Christian Mehlis. der ansonsten nüchterne Wissenschaftler, versucht zu beweisen, dass der unbekannte Verfasser des Nibelungenliedes den Berg gekannt und ihn als Schauplatz für den Kampf Siegfrieds mit dem Drachen gewählt hat. In der Höhle soll dieser stattgefunden haben, während in der Kammer der Nibelungenhort gelegen haben soll. Das Fazit von Mehlis: „Der Drachenfels ist der ,heilige Berg’ des rheinischen Sigfridsmythus.“
Es gibt weitere Mythen. Becker schreibt über „Keltomanen“, die den Berg als alten Druidensitz und die Höhle als „Behälter der noch zu schlachtenden Menschenopfer“ ansehen. Auch Johann Georg Lehmann (1797 bis 1876), ein Pionier der pfälzischen Geschichtsforschung, ist sicher, dass auf dem Berg Druiden hausten, und „mancher Gefangene oder Bekenner des Kreuzes mag in dieser schauerlichen Höhle den abscheulichen Druiden-Göttern als ein blutiges Opfer gefallen seyn“. Der Pfarrer und Schriftsteller Friedrich Blaul beschreibt in seinem 1855 erschienenen Buch „Träume und Schäume vom Rhein“ ebenfalls die Drachenkammer. Es fällt auf, dass dieses Duo weder Ringwälle noch Drachenhöhle erwähnt. Während Blaul noch über eine Leiter in die Drachenkammer gelangt, steigt Becker wenig später über eine „von den Forstleuten in jüngster Zeit“ angelegte Treppe hinab. Die Drachenhöhle dagegen dürfte Mitte des 19. Jahrhunderts noch unzugänglich gewesen sein.

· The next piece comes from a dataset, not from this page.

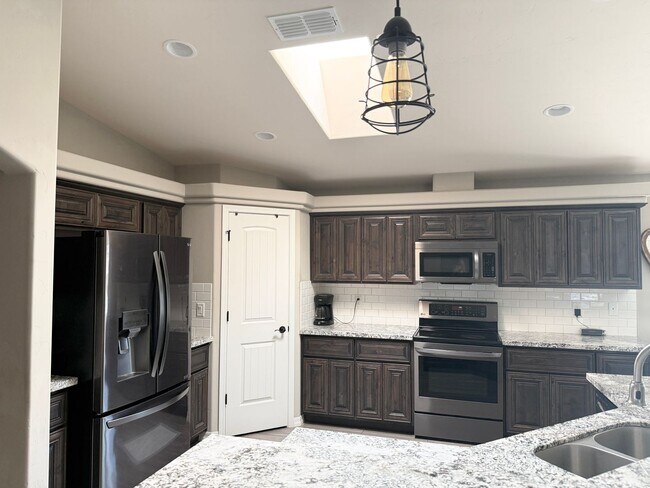 Building Photo - This home has EVERYTHING and is ready for you!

Etliche alte Straßen verlaufen unterhalb des Berges
Mehlis erkennt die keltischen Ursprünge der Befestigungen und die erneute Besiedlung in spätrömischer Zeit, doch dann geht wieder die Fantasie mit ihm durch: „So ward die verwunschene Druidenstätte zum römischen Kastell, so die Drachenhöhle, die vormals wohl Menschenopfer gesehen hatte, zum Beobachtungsposten eines gallischen Auxiliars (Angehöriger einer Hilfstruppe der römischen Armee), so der Wohnsitz des Druidenpriesters an höchster Stelle des Plateaus zum Prätorium (Amtssitz) des römischen Befehlshabers.“ Er berichtet über römische Funde: eine Kupfermünze aus der Zeit um 350 nach Christus, Keramik und Werkzeuge sowie mittelalterliche Scherben. Spätere Forschen finden daneben auch vorgeschichtliche Tonscherben. Das von ihm entdeckte 490 Meter lange Teilstück des großen Walls unterhalb des eigentlichen Drachenfelsens wertet Mehlis als Vorwerk zum Schutz des Westfelsens.

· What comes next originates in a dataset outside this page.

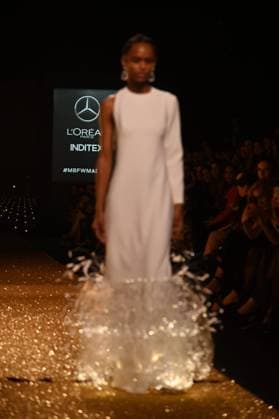 A model wears at collection runway a creation from Isabel Sanchis during Pasarela Cibeles Mercedes-Benz Fashion Week Madrid 2025 in Madrid, on Friday ,21 February 2025. Cordon Press 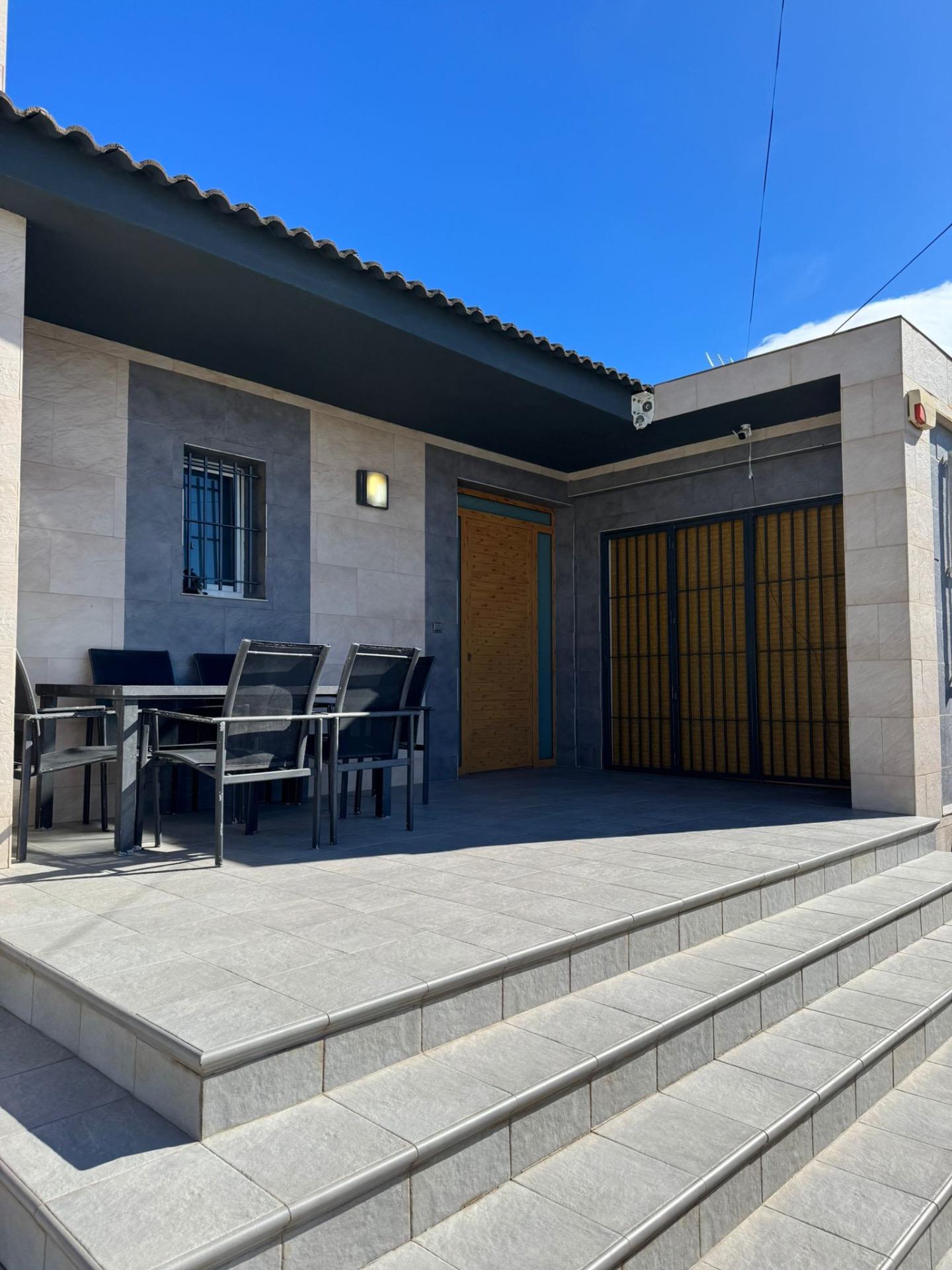 Terrace in villa for sale in Torrevieja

Einige der spätrömischen Anlagen wurden in der Karolingerzeit (751 bis 919 nach Christus) erneut genutzt, wovon auch Scherben vom Drachenfels zeugen. Als Standort dieser Wehranlage wird der Westfelsen genannt. Beweise dafür gibt es nicht.
So abseitig wie heute liegt der Drachenfels in der Antike übrigens nicht. Etliche alte Straßen verlaufen unterhalb des Berges. In keltischer Zeit beherrscht er sein Umland, später bietet er den Menschen der Region Zuflucht. Was aus ihnen geworden ist, ob sie ihren Feinden zum Opfer gefallen sind oder ob der Schutz des Berges ihr Überleben ermöglichte, das können nur Ausgrabungen klären.